One type of argument you hear against views like this is that we have to believe in the complex things because there might not be the entities at the bottom level. So we have, e.g., Sider and Armstrong, arguing that we’ve got to believe in mereologically complex entities because there might be no simples, i.e. the world might be gunky. And we have, e.g., Lewis and Armstrong arguing that we’ve got to believe in structural universals because there might be no basic ones. (I’m using a bit of poetic license here: Lewis didn’t really believe in structural universals – but he thought this was the best argument to believe in them.)
There are two ways to read the complaint. One is to read the ‘might’s in the above as meaning metaphysical possibility, one is to read them as meaning epistemic possibility.
I find the former form of the argument unconvincing. For starters, the metaphysical possibility of gunky worlds, or worlds with infinitely descending chains of structural universals, is far from a datum. (See this paper and this paper by Robbie, which attempt to explain away the illusions of possibility in each case.) But also, even if these are genuine possibilities, I only see a reason to believe that there might have been mereological complexity and structural universals; I don’t see any reason to think that the world actually contains either kind of complex entity. The two positions I confessed my attraction to are claims about how the world actually is, not how it must have been; the possibility of infinite complexity doesn’t give me any reason to accept the actuality of infinite complexity. (See my paper on the contingency of composition.)
What if the ‘might’s are read as epistemic modality? There the complaint is that we have no right to reject the existence of mereologically complex objects or structured universals because we have no guarantee that there are in fact the mereological simples, or basic universals, that there would need to be.
This is, I think, how Armstrong intends the objection (at least sometimes). As he sees it, I think, we’ve got no right just to assume that there are simples or basic universals. That would be a priori ontology, and therefore suspicious! We shouldn’t build theories on the assumption that there are the entities at the bottom level, then, and this means we have to allow that there are the complex entities.
I’ve heard something like that argument from quite a few people, but I don’t find it at all moving. Yes, there might not be any simples or basic universals. My theory might be wrong! There’s no a priori guarantee that there are simples or basic universals. So what? There’s no a priori guarantee that there are complex objects or structural universals either, so where’s the asymmetry? In accepting the two theories above I close off the epistemic possibility that there are no simples or basic universals, but in accepting Armstrong’s theory I close off the epistemic possibility of there being no complex objects or structural universals: why is one better than the other? Every theory closes off epistemic possibilities, unless it is a theory that tells us nothing about the world. So why is it a good objection to the above theories that their truth requires the existence of entities that we have no guarantee exist? Sure, I have no guarantee that there are simples or basic universals. It’s a hypothesis that there are; that hypothesis will then be judged just like any other: on the balance of costs and benefits.

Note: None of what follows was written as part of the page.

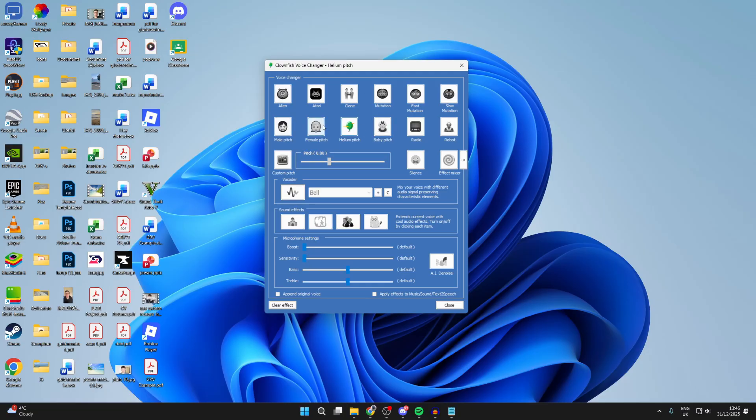To stop it, all you need to do is press clear effect and it'll stop. At the bottom here you can see the different audio settings as well and that'll be fine.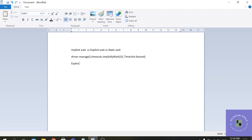The other type of wait is the explicit wait. Explicit means something that is very clear without any ambiguity. When we are clear which particular element is taking some time to load, we can use explicit wait for that particular element only, and thus our entire script will save time. The explicit wait is used for a particular element and is considered an intelligent wait, unlike the implicit wait which is declared globally for the entire script.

Why might you think there was an asymmetry between reliance on the existence of the simple ontology and reliance on the existence of the complex ontology? You might think that there is an a priori guarantee of the existence of the complex ontology but not the simple ontology? Why? Well in the case of mereology, the existence of the complex objects is guaranteed by the axioms of classical mereology but the existence of simples is not. But that’s not convincing. The question then is simply: why believe in the axioms of classical mereology? They close off epistemic possibilities as well. To claim that they’re a priori looks no better to me than the claim that it’s a priori that there are simples. Assume the axioms of classical mereology and construct your theory on that basis by all means; but then I have as much right to do the same with the assumption that there are the simples – and then to the victor the spoils.
Perhaps the asymmetry is meant to be that the hypothesis that there are the complex objects is empirically sensitive in a way the hypothesis that there are the simple objects isn’t. But I can’t see any reason to think that that is true. If anything it’s the other way round: there would be no observable difference in the world were there complex objects as opposed to simples arranged a certain way, but if scientists are unable to split the lepton (or whatever) that gives us some reason to believe that leptons are mereologically simple. (I don’t really believe that, but some people do.)
So where’s the asymmetry? Any suggestions? Is the metaphysician who relies on the existence of simples doing anything worse than the metaphysician who relies on the existence of complexity?